Well poised to capture increasing penetration of RIMS
Over the years, ADSL has built strong domain expertise in the remote infrastructure
management services (RIMS) space in both the domestic and the overseas market
(through En Pointe Global Services). The RIMS market is poised to grow at 30%
compounded annual growth rate (CAGR) over 2008-13 to reach Rs133,400 crore in
2013. Currently, only 7% of the total RIMS opportunity of Rs480,000 crore is being
addressed, which leaves huge room for further growth. As per industry reports,
ADSL—with its impressive delivery mechanism (NOC), direct presence in 132
locations in India and 27 in the USA (through En Pointe Global Services) coupled
with strong strategic alliances with the likes of Lenovo, Intel, LANDesk and PRESIDIO
helps ADSL to garner incremental spending in the RIMS space.

Key drivers of growth in RIMS space
About 89% cost saving by offshoring services to low-cost destinations like India
Regulatory compliance of acts like PCI, SOX, HIPAA and BASEL-II will be the key
drivers of growth in Security Operation India Center (SOC)
Europe, Japan and the Middle East are opening up in terms of spending in the
RIMS space, which will increase the addressable market opportunity
Total addressable market estimated at $80-150 billion globally, 70-75% of
infrastructure management roles can be offshored
India is well positioned to capture $26-28 billion of the global opportunity by
2013—that is over 30% CAGR


Strategic alliances helping in building global footprints
ADSL has entered into some key strategic alliances in the
last few years with the likes of Lenovo, Intel, LANDesk
and PRESIDIO to build formidable footprints in the
overseas markets. As per the management’s indication,
these strategic alliances have started witnessing traction
with the build-up of some strong deal pipelines.

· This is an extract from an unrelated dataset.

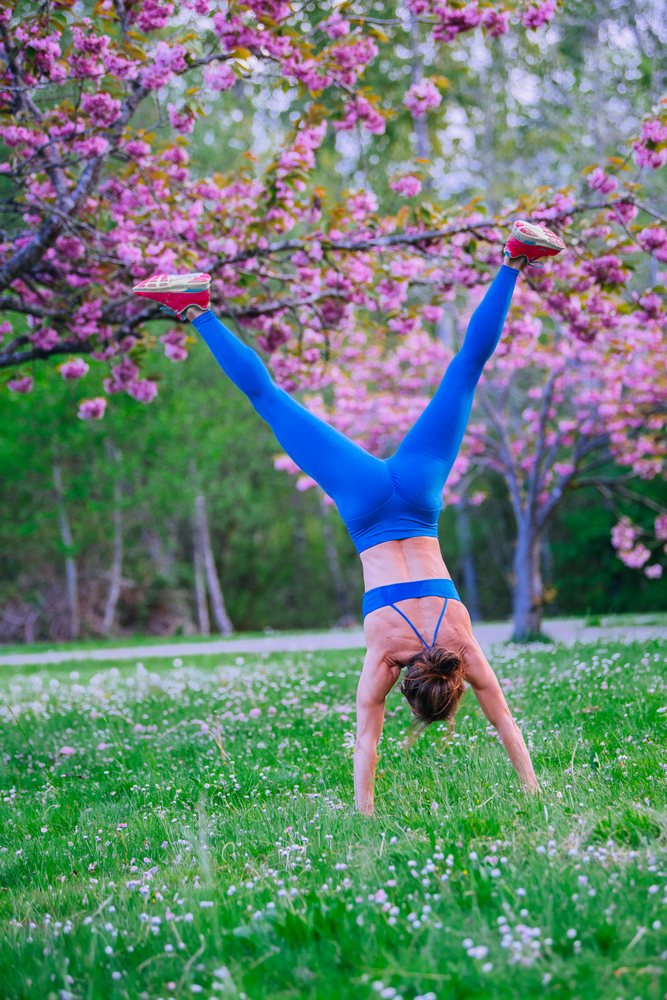 Woman in blue sportswear performs a handstand outdoors on green grass with wildflowers and pink blossoming trees in spring, Calisthenics, USA.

With
LANDesk ADSL has launched services in the US, European
and Asia-Pacific markets. On the other hand, ADSL has
partnered with Intel for strengthening its RIMS offerings
by using Intel’s vPro and AMT technologies in the RIMS
space. In case of Lenovo alliances, there has been a delay
in the ramp-up due to late migration of Windows 7.
Nevertheless, it has now been normalized and the
management has hinted at the closure of a few deal
proposals in this year.
Betting big on Cloud Computing, though still at nascent
stage
Cloud Computing has become the buzzword in the IT space
and industry reports suggest the growth in Cloud
Computing would exceed the growth in the traditional IT
service offerings in the coming years. As per Gartner
estimate, addressable revenue for Cloud Computing space
will be around $149 billion by 2014. ADSL’s management
has strongly emphasized the company’s Cloud offering
and with two successful implementations in the US regions
already, the management is quite confident of making
further inroad in this space.
Other offerings: Systems in place, meaningful rampup
still to happen
VDI: As per Gartner estimate, the virtual desktop
interface (VDI) market is expected to reach $65 billion
by 2013. Enterprises will spend over $90 billion on
desktops as a service (Daas) over the next five years.
ADSL has already done some implementations in the
US regions.
Security: As per a Gartner estimate, the VDI market is
expected to reach $16 billion by 2011. The spend is
likely to increase by 9% year on year (YoY). ADSL already
has a dedicated SOC facility for catering to this space;
however, there have been some concerns raised by its
US clients relating to data security in the remote
centres. These have been addressed by the company
with an SOC facility in the USA. However, the unit will
be remotely managed from India. ADSL has a joint
venture with one of the leading security providers
globally. The company’s management has indicated
that there is strong demand from the BFSI and retail
sectors for these offerings.
Green data centre: As per a Gartner estimate, the
green data centre market is expected to reach $16
billion by 2011. Newer areas of spending are evolving
in the green initiatives space, with spending seen in
virtualisation of servers, storages and back-up, and ewaste
management. ADSL has already completed some
projects in the green data centre.


ADSL digital mobile ARM: ADSL is launching its offering
in mobility management services, “Allied Digital Mobile
ARM”, in the USA by early next year. ADSL has already
received positive feedback from Research in Motion’s
Blackberry for mobile data management from the
remote centre. The management is still deciding on
the mode of the launch in the USA.
No further equity dilution
There are investor concerns surrounding the multiple
equity dilution by ADSL in the last two years via the issue
of warrants to Intel and Bennett, Coleman & Co Ltd (BCCL)
and a qualified institutional placement (QIP) issue of $50
million. However, the management has maintained that
all these dilutions were strategic in nature and were made
to fund the future growth of the company and to build
strategic alliances. Going forward, the ADSL management
has indicated that there will be no further equity dilution
in the near future.

Valuation
ADSL’s management has indicated that growth will
accelerate through both organic and inorganic routes as
expansion in the RIMS space will be the top priority of
the company in the coming year. On the other hand,
ramping up the newer areas of growth like Cloud
Computing, VDI, mobile mobility service and green data
centre will be at the forefront of the management’s
priorities.
We remain positive on the long-term sustainability of the
company’s business model, with incremental thrust from
the management on the high-margin RIMS business and a
gradual decline in the low-margin segments. At the current
market price of Rs177, the stock trades at 6x FY2011 and
5x FY2012 estimated earnings. We maintain our Buy
recommendation on the stock with a 12-month price
target of Rs326. At our price target, the stock will be
valued at 9xFY2012E earnings.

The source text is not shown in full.